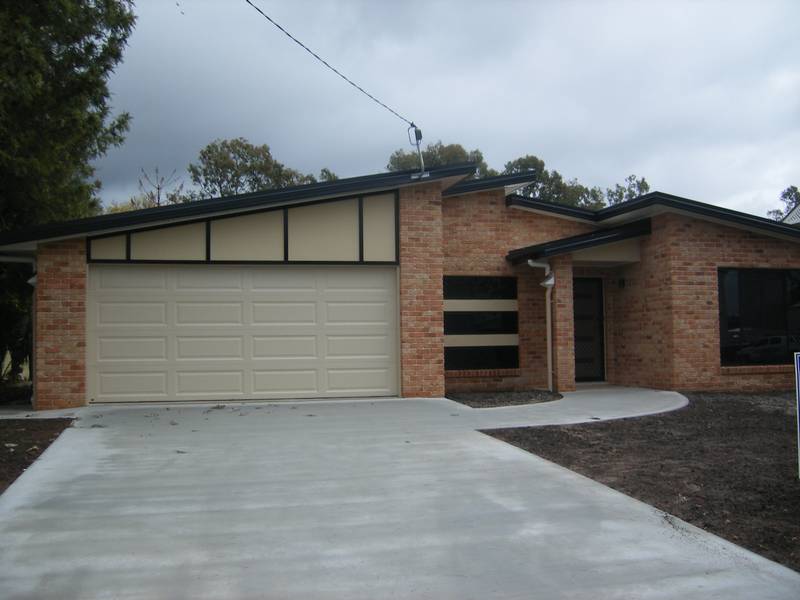 IT'S GOT THE LOCATION AND IT'S BRAND NEW Picture 1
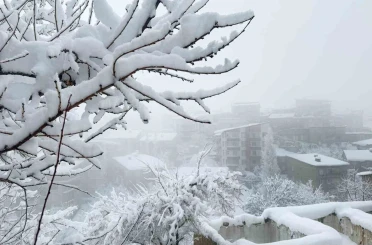 Hakkari’de kar afeti: Ekipler aralıksız çalışıyor 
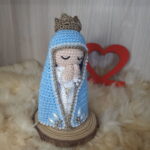 Santinha Manto Azul em Amigurumi - Imagem 1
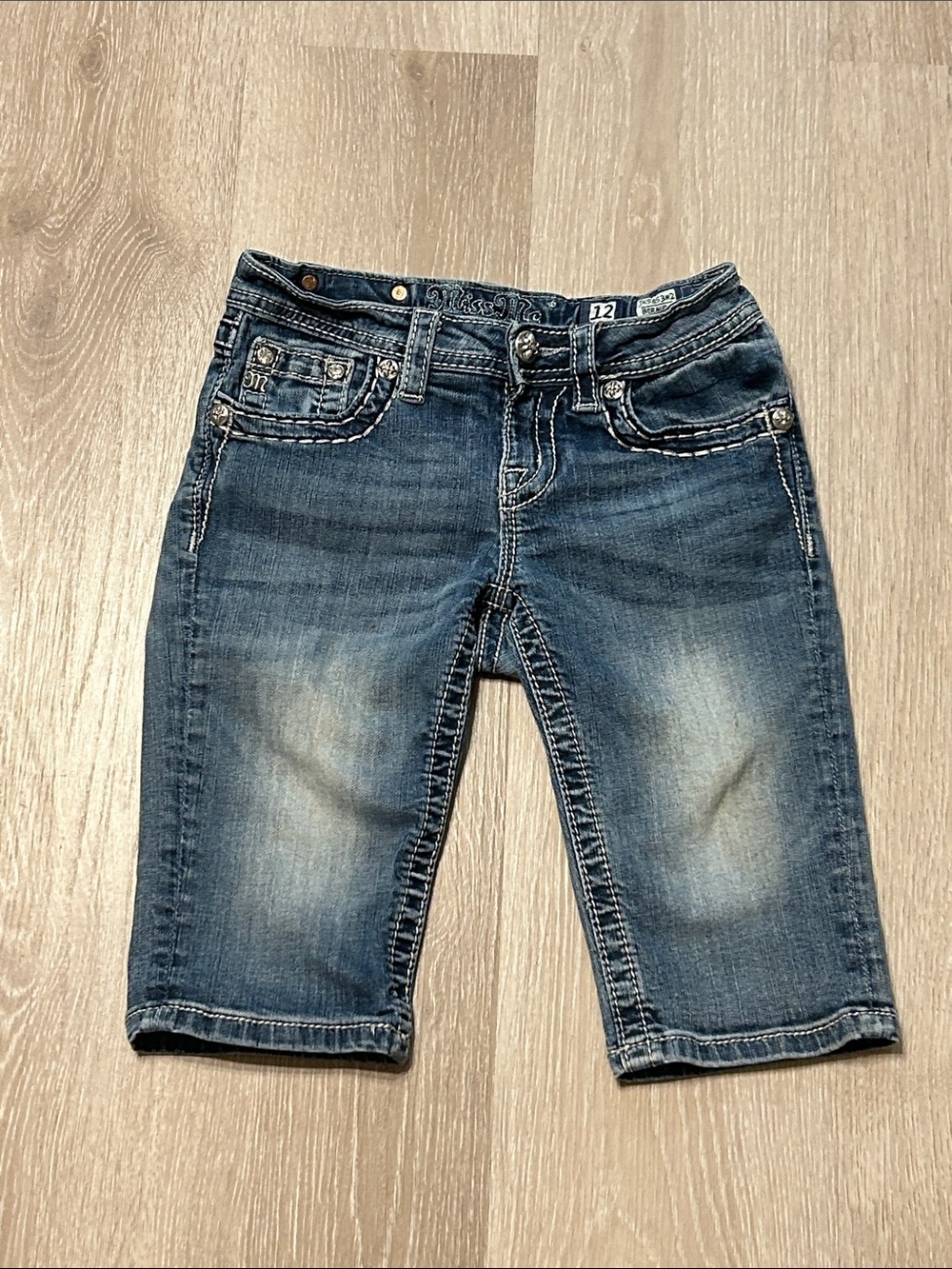 Miss Me Girls Y2K Embellished Faded Distressed Denim Bremuda Jeans Sz 12
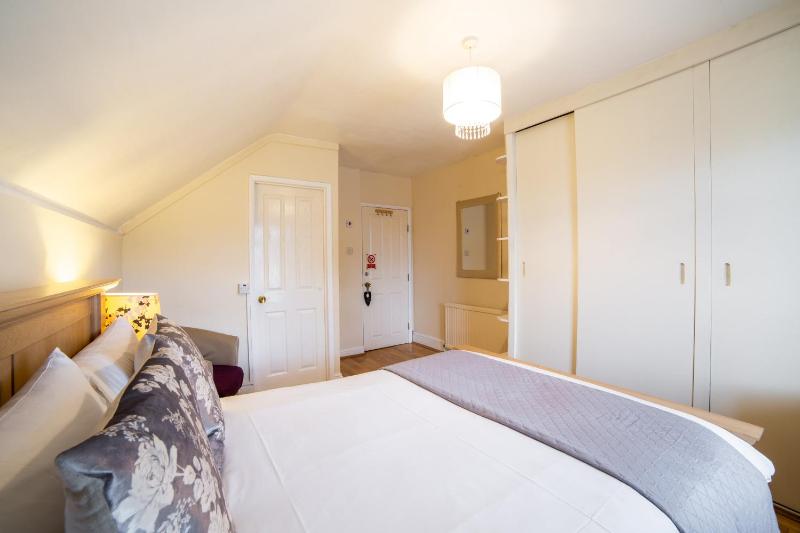 Standard Double Room image 3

● ● ● ● ● ● ●

◆ **Problem**
In the answer, include exactly the lines from the one containing "Santinha Manto Azul em Amigurumi - Imagem 1" through the end of the records above and no pictures at all.

◆ **Solution for this task**
 Santinha Manto Azul em Amigurumi - Imagem 1
 Miss Me Girls Y2K Embellished Faded Distressed Denim Bremuda Jeans Sz 12
 Standard Double Room image 3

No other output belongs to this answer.